Pathological Truth Bias in Vision-Language Models
This addresses trust issues in VLMs for real-world applications by revealing hidden biases, though it is incremental as it builds on existing audit methods.
The paper tackled the problem of systematic failures in vision-language models (VLMs) where they incorrectly agree with visually contradicted statements, introducing MATS to measure this and finding that instruction-tuned generative VLMs like LLaVA 1.5 and QwenVLchat perform poorly, while contrastive encoders like CLIP and SigLIP are more robust, with activation patching identifying failure loci for potential repairs.

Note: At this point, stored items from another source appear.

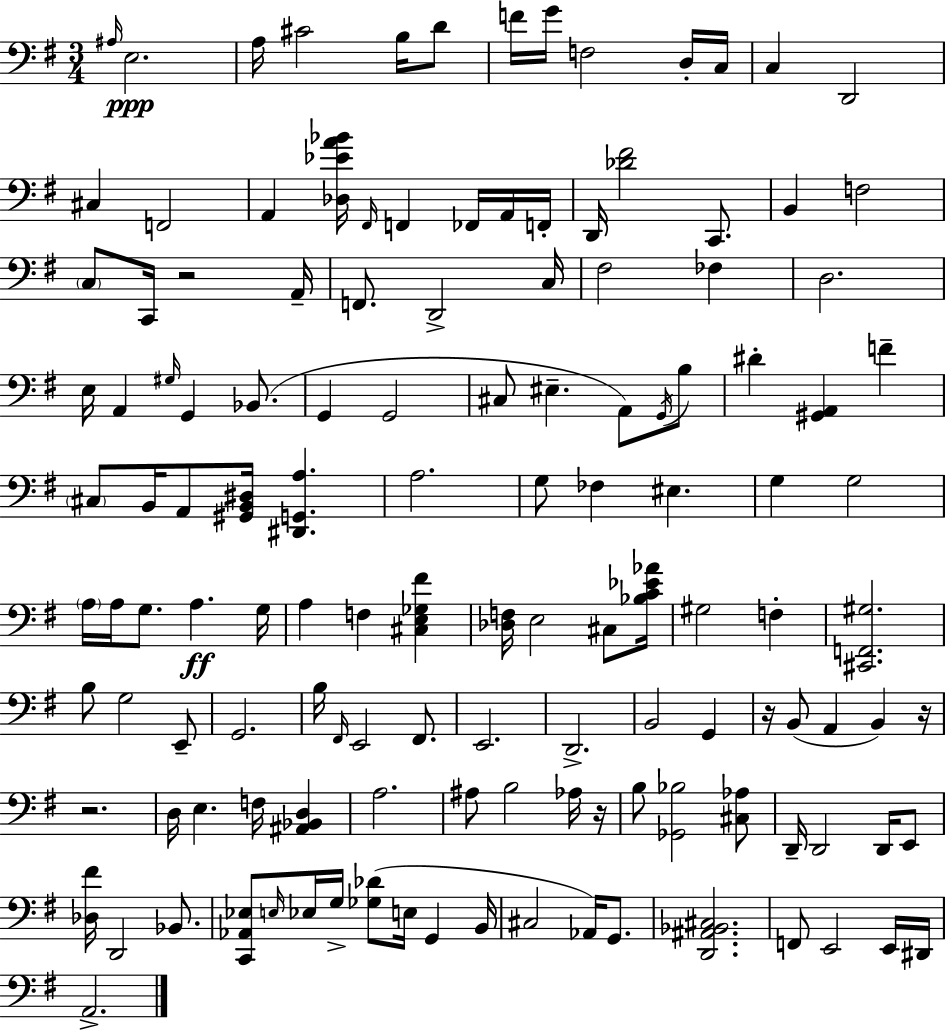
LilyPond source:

{
  \clef bass
  \numericTimeSignature
  \time 3/4
  \key g \major
  \grace { ais16 }\ppp e2. | a16 cis'2 b16 d'8 | f'16 g'16 f2 d16-. | c16 c4 d,2 | \break cis4 f,2 | a,4 <des ees' a' bes'>16 \grace { fis,16 } f,4 fes,16 | a,16 f,16-. d,16 <des' fis'>2 c,8. | b,4 f2 | \break \parenthesize c8 c,16 r2 | a,16-- f,8. d,2-> | c16 fis2 fes4 | d2. | \break e16 a,4 \grace { gis16 } g,4 | bes,8.( g,4 g,2 | cis8 eis4.-- a,8) | \acciaccatura { g,16 } b8 dis'4-. <gis, a,>4 | \break f'4-- \parenthesize cis8 b,16 a,8 <gis, b, dis>16 <dis, g, a>4. | a2. | g8 fes4 eis4. | g4 g2 | \break \parenthesize a16 a16 g8. a4.\ff | g16 a4 f4 | <cis e ges fis'>4 <des f>16 e2 | cis8 <bes c' ees' aes'>16 gis2 | \break f4-. <cis, f, gis>2. | b8 g2 | e,8-- g,2. | b16 \grace { fis,16 } e,2 | \break fis,8. e,2. | d,2.-> | b,2 | g,4 r16 b,8( a,4 | \break b,4) r16 r2. | d16 e4. | f16 <ais, bes, d>4 a2. | ais8 b2 | \break aes16 r16 b8 <ges, bes>2 | <cis aes>8 d,16-- d,2 | d,16 e,8 <des fis'>16 d,2 | bes,8. <c, aes, ees>8 \grace { e16 } ees16 g16-> <ges des'>8( | \break e16 g,4 b,16 cis2 | aes,16) g,8. <d, ais, bes, cis>2. | f,8 e,2 | e,16 dis,16 a,2.-> | \break \bar "|."
}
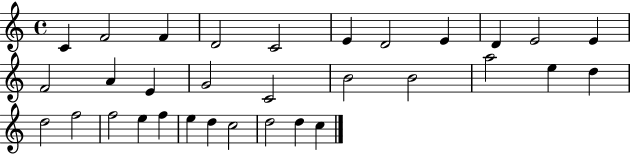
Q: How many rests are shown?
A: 0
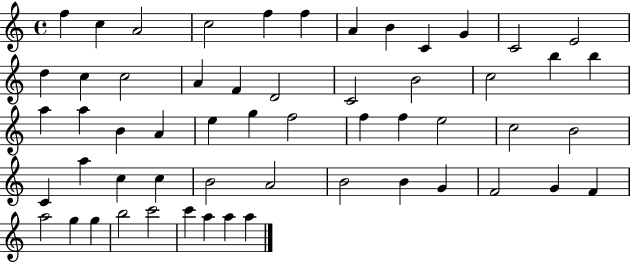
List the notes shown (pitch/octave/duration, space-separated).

F5/q C5/q A4/h C5/h F5/q F5/q A4/q B4/q C4/q G4/q C4/h E4/h D5/q C5/q C5/h A4/q F4/q D4/h C4/h B4/h C5/h B5/q B5/q A5/q A5/q B4/q A4/q E5/q G5/q F5/h F5/q F5/q E5/h C5/h B4/h C4/q A5/q C5/q C5/q B4/h A4/h B4/h B4/q G4/q F4/h G4/q F4/q A5/h G5/q G5/q B5/h C6/h C6/q A5/q A5/q A5/q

Vision Language Models (VLMs) are improving quickly, but standard benchmarks can hide systematic failures that reduce real world trust. We introduce MATS (Multimodal Audit for Truthful Spatialization), a compact behavioral audit that measures whether models reject visually contradicted statements, and two metrics Spatial Consistency Score (SCS) and Incorrect Agreement Rate (IAR). Instruction tuned generative VLMs (LLaVA 1.5, QwenVLchat) exhibit very low SCS and high IAR, while contrastive encoders (CLIP, SigLIP) are far more robust. Activation patching causally localizes failure loci (mid to late cross attention for generative models, pooled projection components for contrastive models) and suggests concrete repair paths.